The European Court of Human Rights has given a broad interpretation to the notion of housing, which the ECJ may follow. It includes both immovable and mobile homes, such as caravans and trailers, even if their location is illegal.
The directives offer victims procedural protection against discrimination, which occurs during the trial. This is the question of the burden of proof and the creation of bodies promoting equal treatment and protection against adverse treatment.
3.1 Non-judicial guarantees
To ensure that victims are compensated, the Racial Equality Directive requires Member States to create bodies for the promotion of equal treatment, in charge of conducting surveys and publish reports and recommendations related to discrimination. Above all, they have a duty to provide “independent assistance to victims of discrimination in pursuing their complaints about discrimination. They can be assisted in making complaints, avoiding deterrence resulting from possible reluctance to go to the police, especially when a complaint is directed against the police services. The Employment Equality Directive requires Member States to secure that associations and legal entities having a legitimate interest in ensuring compliance with the provisions of the directive may engage any procedure for the enforcement of its provisions, either on behalf or in support of the complainant. The directive also encourages Member States to promote dialogue between social partners and to foster the enforcement of the equal treatment principle.
Once a discriminatory conduct has been acknowledged by a Court, Member States are required to introduce in their legal systems measures to avoid adverse reactions to complaints or proceedings. This protection must be ensured against punitive reactions, in particular concerning discriminatory dismissals: the acknowledgement of a discriminatory dismissal can give a right to be re-admitted in the former occupation, which involves a defense against any hierarchical pressure or deterioration of working conditions.
Victims must be given access to remedies to dispute any discriminatory conduct they have suffered. Member States are bound to ensure judicial or administrative remedies to all persons, including means based on conciliation, even if the alleged discriminatory conduct has come to an end.

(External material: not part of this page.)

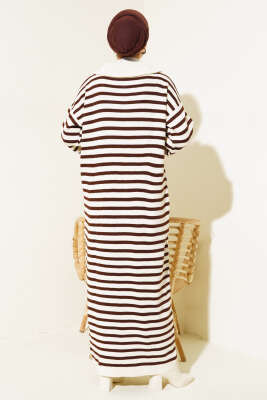 Çizgili Yarım Fermuarlı Triko Elbise Taş - Tesettür Elbise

The main guarantee for the victims lies in the rules governing the burden of proof of a discriminatory conduct. Usually, the burden of proof is born by the claimant. But it can be very difficult to prove the intent to discriminate; therefore the claimant only has to bring sufficient evidence to suggest that he may have suffered a discriminatory treatment. Both directives state that the alleged victim must prove “facts from which it may be presumed that there has been direct or indirect discrimination”, and then the respondent shall “prove that there has been no breach of the principle of equal treatment”. As a consequence, bringing evidence of a possible unfavourable treatment raises a presumption of discrimination. The alleged perpetrator, according to the rule of reversed burden of proof, will have to rebut this presumption, either by proving that the claimant is not in a similar situation than the “comparator” who has benefited a more-favourable treatment, or to prove that the treatment is not based on one of the protected ground (disability, age, sexual orientation, religion, racial or ethnic origin), but on another objective difference. In case of failure in rebutting the evidence, the perpetrator will have to raise a defense based on legal justifications to a less-favourable treatment; either specific or general, showing that the impugned conduct was proportional.

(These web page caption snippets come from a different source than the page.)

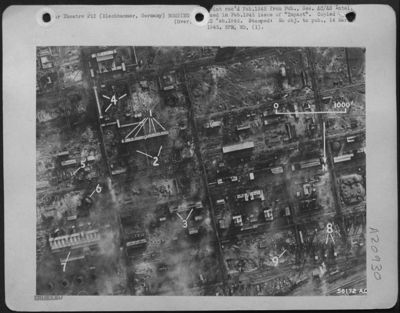 Blechhammer, Germany on 27 Dec. 1944 shows holes in roof of water gas plant (1); blower houses (2) damaged; main compressor house (3) severely damaged; low temperature carbonization plants (4) damaged; H2S removal building (5) damaged; gasholder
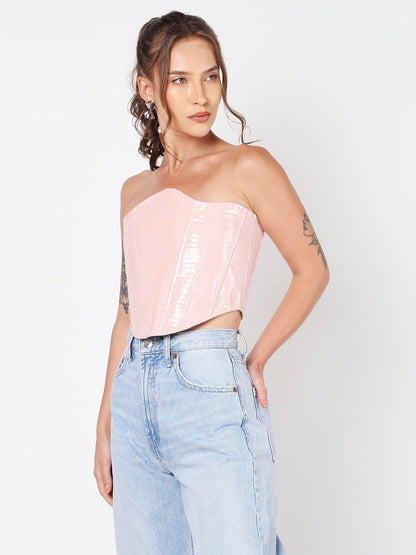 Pink Leather Holographic Corset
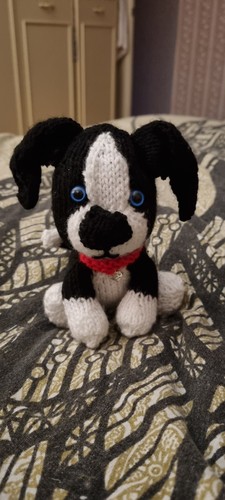 Collie puppy dog hand knitted - puppy,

The acceptable kinds of evidence are established by national law, and Member States can decide not to apply this rule in proceedings where the courts have an inquisitive role. Above all, this reverse burden of proof cannot be used in criminal proceedings (hate crime for example), in violation of the principle of presumption of innocence, set by the European Convention on Human Rights.
It is sufficient to establish unequal treatment based on a protected ground, which cannot be justified. The Court does not require evidence in form of precedent or intention to differentiate. The test is objective and the court focuses on the impact, that there is indeed a less-favourable treatment, whatever the motive of the perpetrator is. The perpetrator cannot rebut the presumption by showing his good faith. To finish, according to the ECJ, it is not necessary to prove that there is an identifiable victim: in the Feryn case, the ECJ stated that “public statements by which an employer lets it be known that under its recruitment policy it will not recruit any employees of a certain ethnic or racial origin are sufficient for a presumption of the existence of a recruitment policy which is directly discriminatory”. No victim has been identified, but it was clear that the advertising discriminatory, and could deter some people to apply.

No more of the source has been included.